As someone who has an autoimmune disorder, I'd take the parasites any day; it's hard to overstate how much this fucking sucks.

I'd even take the brain worms.

Especially the brain worms.

[–] stephen@lazysoci.al 5 points 3 weeks ago

Thank you for this. I’m going to be checking this out more. Although one of the other responses to you is suggesting benefit from infecting themselves with less harmful parasites - that’s a thing.

I mentioned to another response having listened to an episode of Radiolab (and forgot) that covers this very thing.

https://radiolab.org/podcast/91691-sculptors-of-monumental-narrative

[–] otter@lemmy.ca 4 points 3 weeks ago* (last edited 3 weeks ago) (1 children)

Adding on to the other comment, it's one of the theories for why allergies exist

Each of our antibodies seem to have a specific job, and that allows them to call for the correct response for the type of threat they are dealing with (ex. Fighting one large thing vs many small things, where in the body is it happening, what kind of cells are involved, etc)

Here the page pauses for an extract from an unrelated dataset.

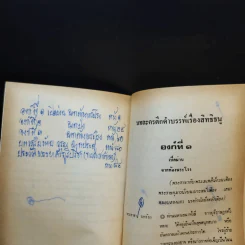 บทละครดึกดำบรรพ์เรื่อง สิทธิธนู - พระยาศรีภูริปรีชา (กมล สาลักษณ์) รูปที่ 9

Of those, IgE is the one that's tied to allergies. Turns out it's also involved in the response against parasitic worms. Parisitic worm infections aren't as common in many parts of the modern world, while allergies are. So maybe we can treat allergies by studying worm infections

The classes differ in their biological properties, functional locations and ability to deal with different antigens, as depicted in the table.[19] For example, IgE antibodies are responsible for an allergic response consisting of histamine release from mast cells, often a sole contributor to asthma (though other pathways exist as do symptoms very similar to yet not technically asthma). The variable region of these antibodies bind to allergic antigen, for example house dust mite particles, while its Fc region (in the ε heavy chains) binds to Fc receptor ε on a mast cell, triggering its degranulation: the release of molecules stored in its granules.[46]

https://en.wikipedia.org/wiki/Antibody

https://en.wikipedia.org/wiki/Immunoglobulin_E

[–] stephen@lazysoci.al 2 points 3 weeks ago

Thank you for sharing this. I had actually listened to an episode of Radiolab that has covered this and, I suppose, forgotten about it.

https://radiolab.org/podcast/91691-sculptors-of-monumental-narrative

I have an autoimmune disease, so now I’m back to doing more reading on the research referenced in the Wikipedia article.